Despite the Leveson Report, the Daily Mail’s brief flirtation with the Human Rights Act has not even lasted a month. This article by Home Affairs Correspondent Jack Doyle (Twitter: @jackwdoyle) is a weird one, even by the Mail’s standards. Here is the headline:
£500,000 a week in legal aid for prisoners’ human rights claims: YOU pay for them to seek easier life or early release
Clear, right? We are apparently spending £26m per year on prisoners’ human rights claims. And here is the first line:
Taxpayers are handing nearly £500,000 a week in legal aid to prisoners to help them make human rights claims.
That’s sounds like a lot of money to spend on prisoners’ human rights claims! But wait, there’s more…
The basis of the article is a freedom of information request about the amount of legal aid provided to prisoners in each of the last four years. In the last four years “convicts have been given more than £93million to help them demand early release from jail, compensation or softer treatment behind bars.” So maybe not all for human rights claims? Let’s read further:
A breakdown of the costs shows ‘free-standing advice and assistance’ for inmates cost nearly £53.6million over four years. Assistance at disciplinary hearings cost more than £12.6million and lawyers at Parole Board hearings cost more than £27million.

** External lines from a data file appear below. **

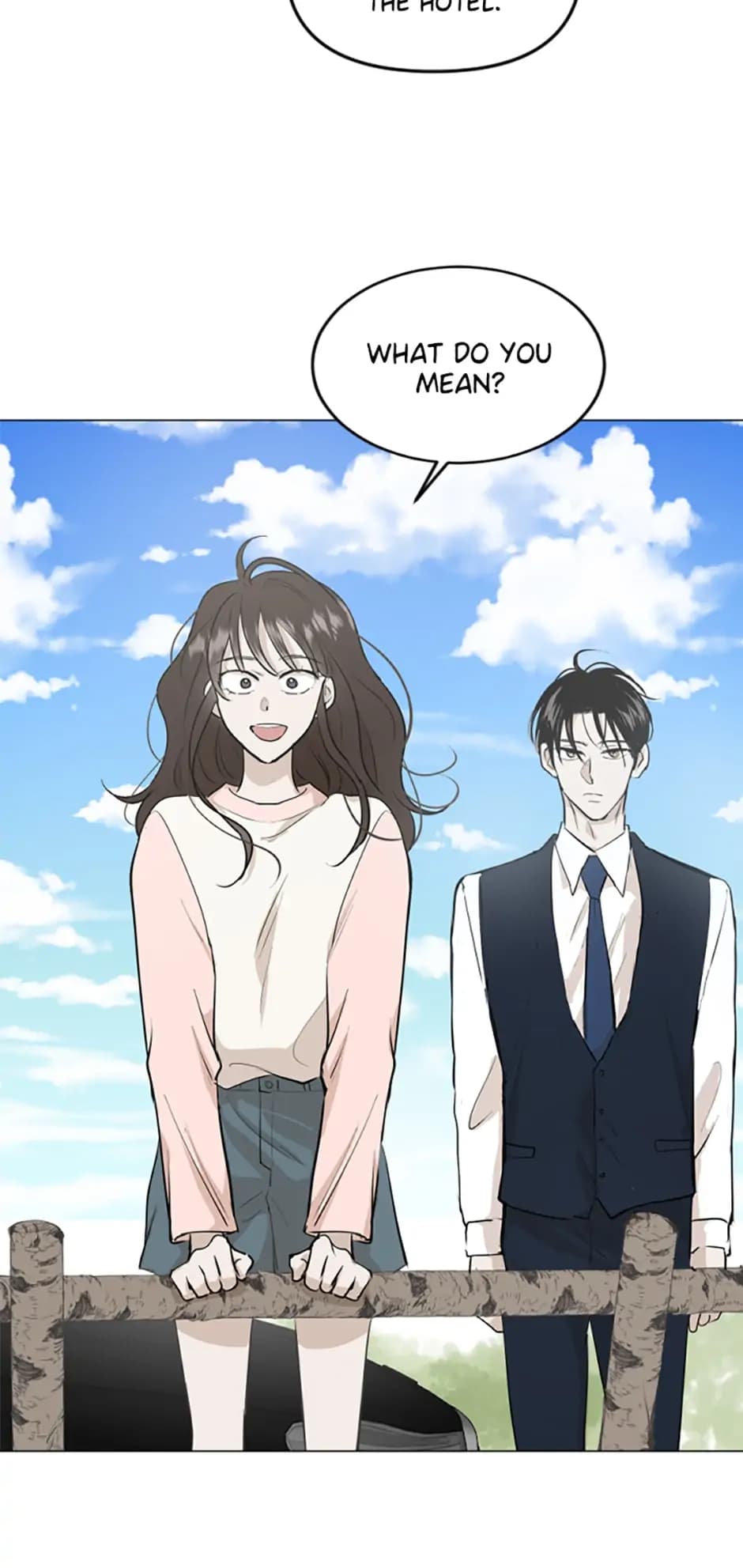 Page https://readmanhwaverse.com/images/who-needs-love/chapter-10/31.webp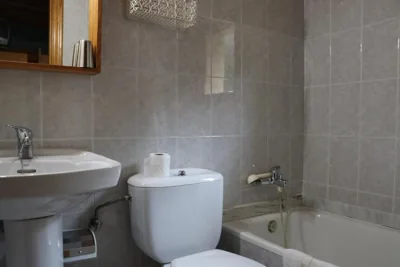 Ereba, casa en Nueva a 3 km de la playa CA-33-AS — 写真 3
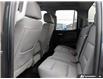 2018 GMC Sierra 1500 Base (Stk: 502731) in St. Catharines - Image 22 of 27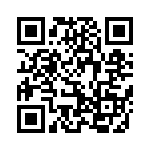 79268-414HLF QRCode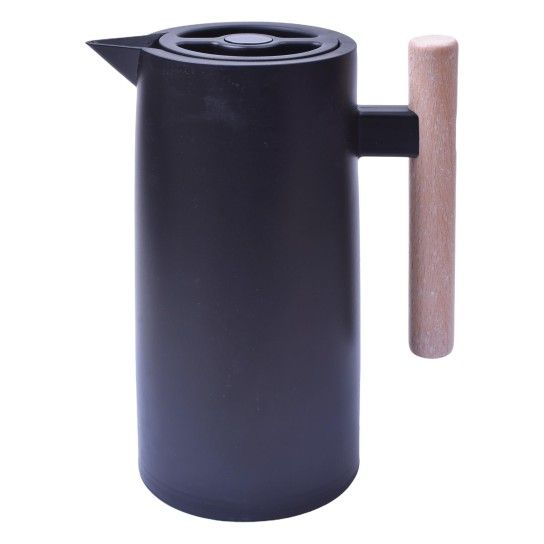 BULE 1000ML 2949-700 CX20 BULE 1000ML 2949-700 CX20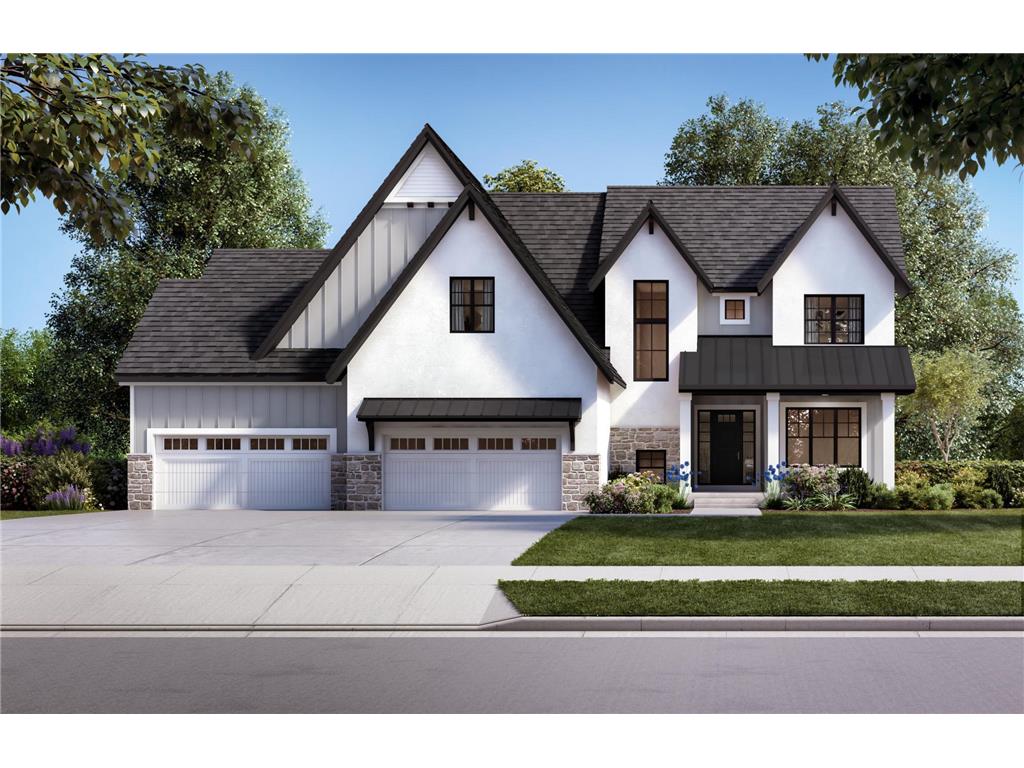 16501 64th Avenue N, Maple Grove, MN 55311 MLS 6307498 Edina Realty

So, of the total £ 93,482,475 (which as the article says, is £449,435, not £500,000 per week), £39.6m (42% of the total) is spent on assistance at disciplinary and Parole Board hearings. Which is £188,762 of the £449,435 per week.
What of the remaining £260,673? That is for ‘free standing advice and assistance’. That could mean many things, including issues involving human rights. But it doesn’t mean human rights. It seems that the figures obtained by the Daily Mail don’t actually specify what proportion of the prisoners’ legal aid is spent on human rights claims.
So does that support the headline “£500,000 a week in legal aid for prisoners’ human rights claims“? Not even close. Maybe too much is being spent on prisoners’ human rights claims. Maybe not. This article has taken us precisely no further in answering that question.
Jack Doyle and the Daily Mail, on to the new year’s dishonours list and on the legal naughty step too for misrepresenting the figures and, again, blaming human rights law for something it hasn’t done. Or, as John Stewart might say, for causing an avalanche on a bulls$%t mountain.